Editas Medicine plans to submit an Investigational New Drug (IND) application for EDIT-101 in mid-2018. In March, Editas Medicine and Allergan Pharmaceuticals International Limited (“Allergan”) entered a strategic research and development alliance under which Allergan received an exclusive option to license up to five of Editas Medicine’s genome-editing ocular programs, including Editas Medicine’s lead program for LCA10. The agreement covers a range of first-in-class ocular programs targeting serious diseases based on Editas Medicine’s CRISPR genome editing platform, including CRISPR/Cas9 and CRISPR/Cpf1.
About Leber Congenital Amaurosis
Leber Congenital Amaurosis, or LCA, is a group of inherited retinal degenerative disorders caused by mutations in at least 18 different genes. It is the most common cause of inherited childhood blindness, with an incidence of two to three per 100,000 live births worldwide. Symptoms of LCA appear within the first year of life, resulting in significant vision loss and blindness. The most common form of the disease, LCA10, is a monogenic disorder caused by mutations in the CEP290 gene and is the cause of disease in approximately 20‑30 percent of all LCA patients.
About Editas Medicine
Editas Medicine is a leading genome editing company dedicated to treating patients with genetically-defined diseases by correcting their disease-causing genes. The Company was founded by world leaders in genome editing, and its mission is to translate the promise of genome editing science into a broad class of transformative genomic medicines to benefit the greatest number of patients.

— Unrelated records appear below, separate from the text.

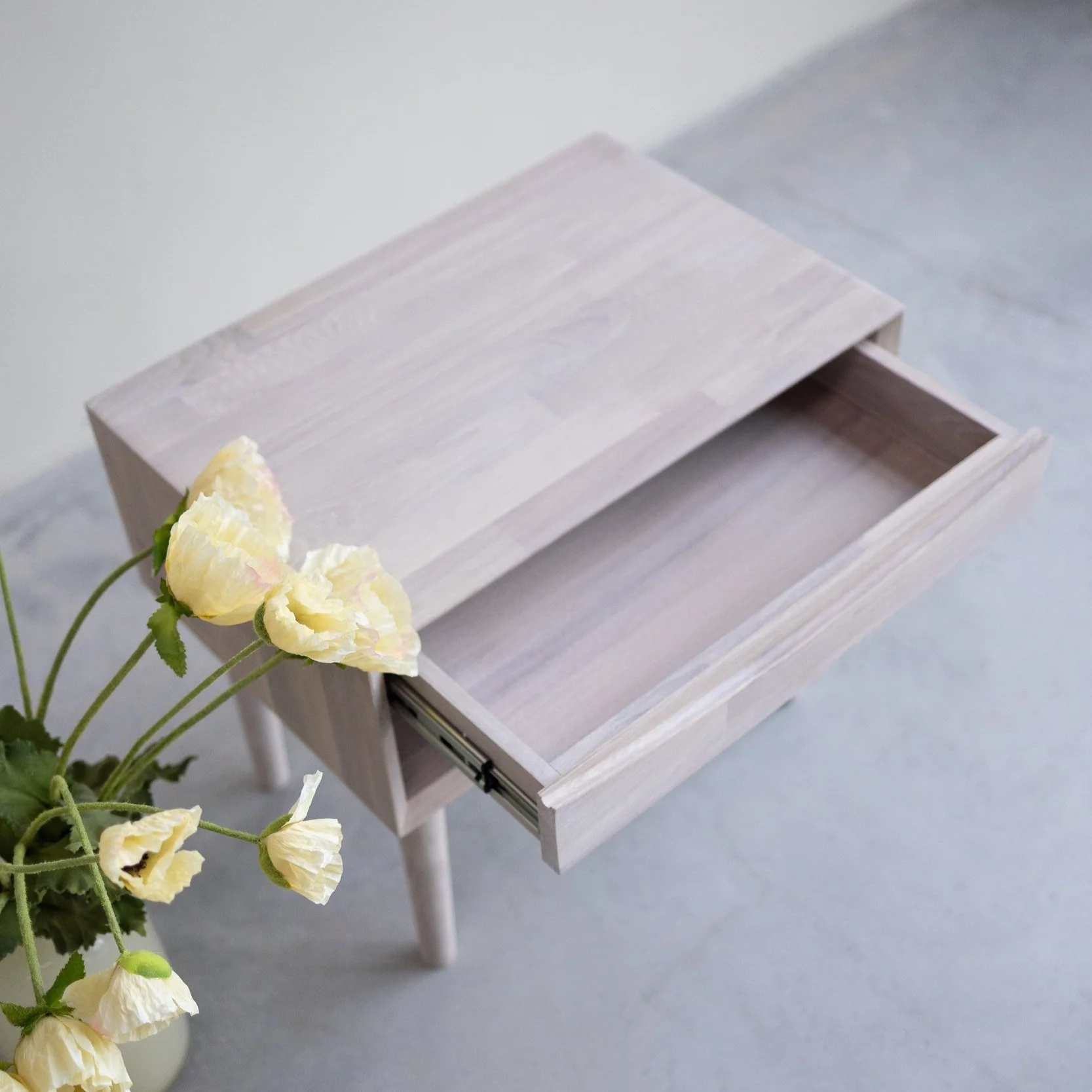 Comodino in legno massello di rovere Escandi 2 | NordicStory - Image 9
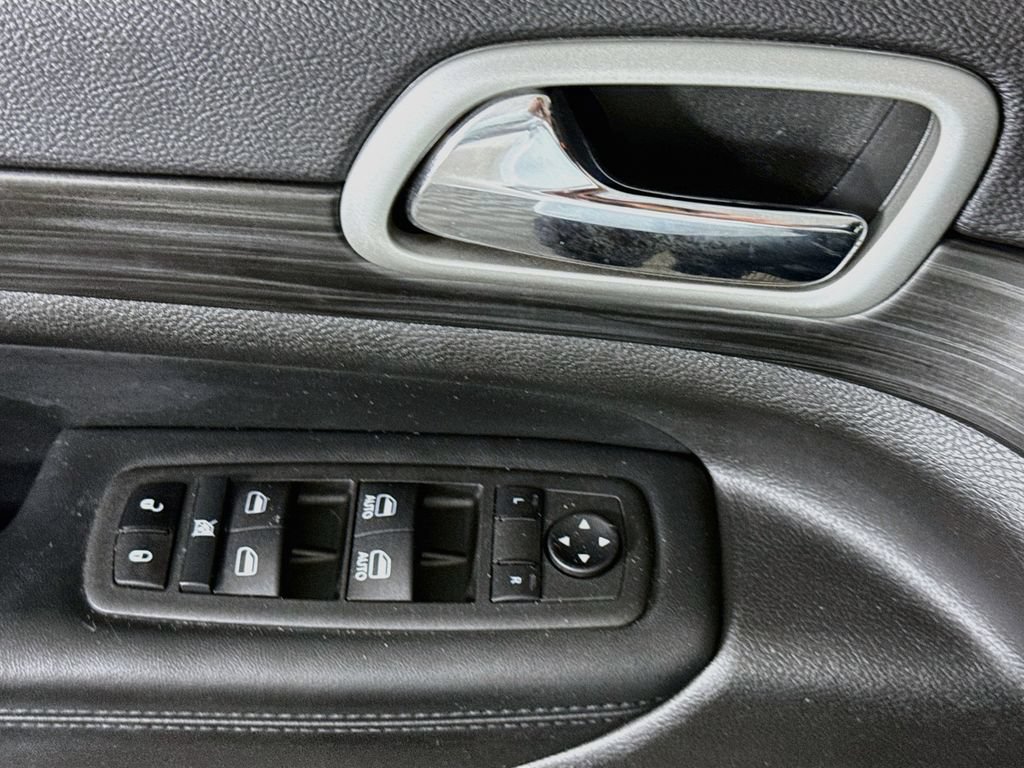 Used 2022 Jeep Grand Cherokee Laredo X AWD/4WD image 24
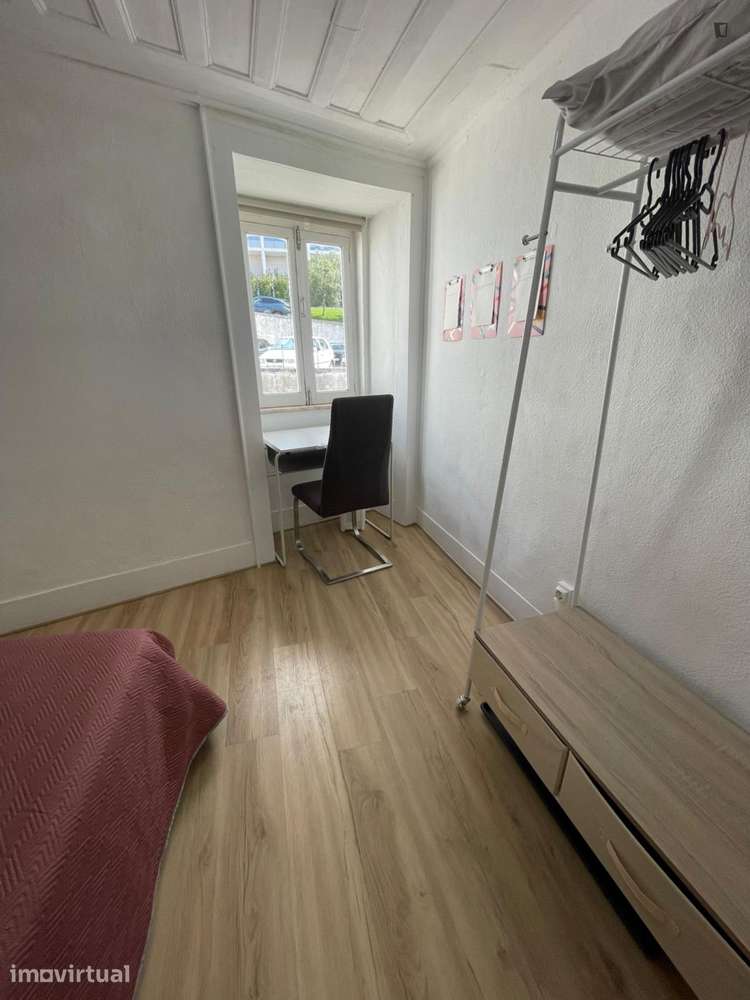 Quarto - localizado em Alta Universitária Coimbra - Grande imagem: 4/14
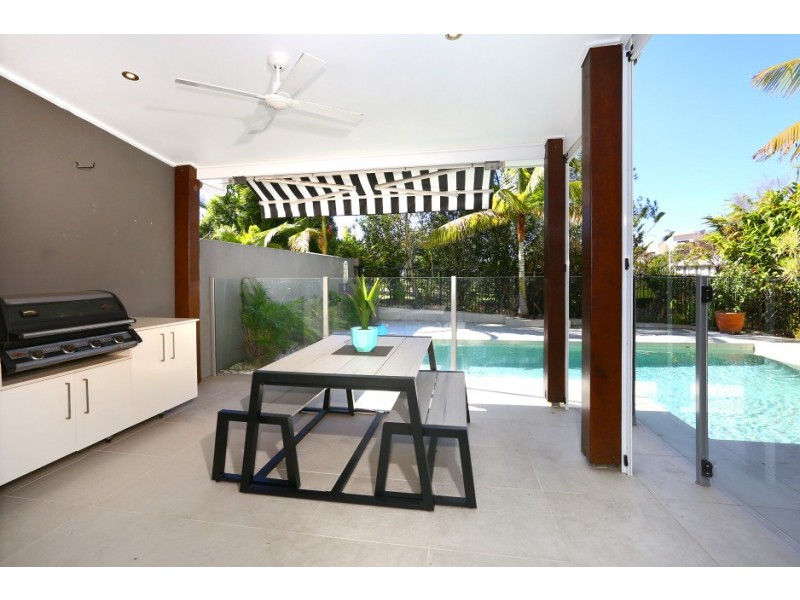 5023B Riverwood grove, Benowa QLD 4217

This press release contains forward-looking statements and information within the meaning of The Private Securities Litigation Reform Act of 1995. The words ‘‘anticipate,’’ ‘‘believe,’’ ‘‘continue,’’ ‘‘could,’’ ‘‘estimate,’’ ‘‘expect,’’ ‘‘intend,’’ ‘‘may,’’ ‘‘plan,’’ ‘‘potential,’’ ‘‘predict,’’ ‘‘project,’’ ‘‘target,’’ ‘‘should,’’ ‘‘would,’’ and similar expressions are intended to identify forward-looking statements, although not all forward-looking statements contain these identifying words. Forward-looking statements in this press release include statements regarding the Company’s goal of submitting of an IND for the LCA10 program by mid-2018. The Company may not actually achieve the plans, intentions, or expectations disclosed in these forward-looking statements, and you should not place undue reliance on these forward-looking statements. Actual results or events could differ materially from the plans, intentions and expectations disclosed in these forward-looking statements as a result of various factors, including: uncertainties inherent in the initiation and completion of preclinical studies and clinical trials and clinical development of the Company’s product candidates; availability and timing of results from preclinical studies and clinical trials; whether interim results from a clinical trial will be predictive of the final results of the trial or the results of future trials; expectations for regulatory approvals to conduct trials or to market products and availability of funding sufficient for the Company’s foreseeable and unforeseeable operating expenses and capital expenditure requirements. These and other risks are described in greater detail under the caption “Risk Factors” included in the Company’s most recent Quarterly Report on Form 10-Q, which is on file with the Securities and Exchange Commission, and in other filings that the Company may make with the Securities and Exchange Commission in the future. Any forward-looking statements contained in this press release speak only as of the date hereof, and the Company expressly disclaims any obligation to update any forward-looking statements, whether as a result of new information, future events or otherwise.